Theodore Jerome Cohen is the Readers’ Choice in this week’s Indies Unlimited Flash Fiction Challenge. The winning entry is decided by the popular vote and rewarded with a special feature here today. (In the case of a tie, the writer who submitted an entry first is the winner per our rules.) Without further ado, here’s the winning story:
Oak Creek
by Theodore Jerome Cohen
Gray Wolf stood on the bank overlooking the Oak Creek rapids as the water rushed toward its convergence with the Verde River to the south. It had taken me several years to find him for a magazine article I was writing and more than a year before he agreed to meet with me.

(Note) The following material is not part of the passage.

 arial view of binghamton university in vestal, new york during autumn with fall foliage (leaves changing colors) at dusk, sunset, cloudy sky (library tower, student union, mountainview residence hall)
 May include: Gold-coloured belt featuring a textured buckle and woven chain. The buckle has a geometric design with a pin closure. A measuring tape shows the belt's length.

He was Cherokee by birth. His ancestors had been rounded up and forced to march to Oklahoma in 1839. From there, some eventually moved north, Gray Wolf’s among them. Now, we stood together in silence, watching the rapids and listening the babbling of the fast-flowing water.
He saw me staring at the feather he was holding in his left hand.

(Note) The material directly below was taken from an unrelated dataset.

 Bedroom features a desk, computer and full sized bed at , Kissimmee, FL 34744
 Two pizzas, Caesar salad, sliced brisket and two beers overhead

“I see you are curious about this feather,” he said, breaking the silence. “It was my great grandfather’s, Thunder Cloud’s. He died on the Trail Where They Cried and was buried in a grave that is unmarked to this day.”
“Why do you carry it?” I inquired.
“So that I will forever have a reminder of the brutality delivered unto my People.”
“But isn’t the written record sufficient to capture the truth?” I replied, making some notes.
“History can be rewritten,” he asserted. “My people only trust memory to keep the sacred flame of truth alive. This feather is to remind me of my People’s true history.”
Hooray! Another win for you Congratulations. 🙂
Thanks, Deanie.
Happy Holidays to all.
Ted
Congratulations, Ted, on your meaningful story, and Happy Holidays to you, also! In the world we live in, it is vitally important to remind ourselves, and one another, that the way we treat one another, and the fairness of our decisions, have far reaching consequences.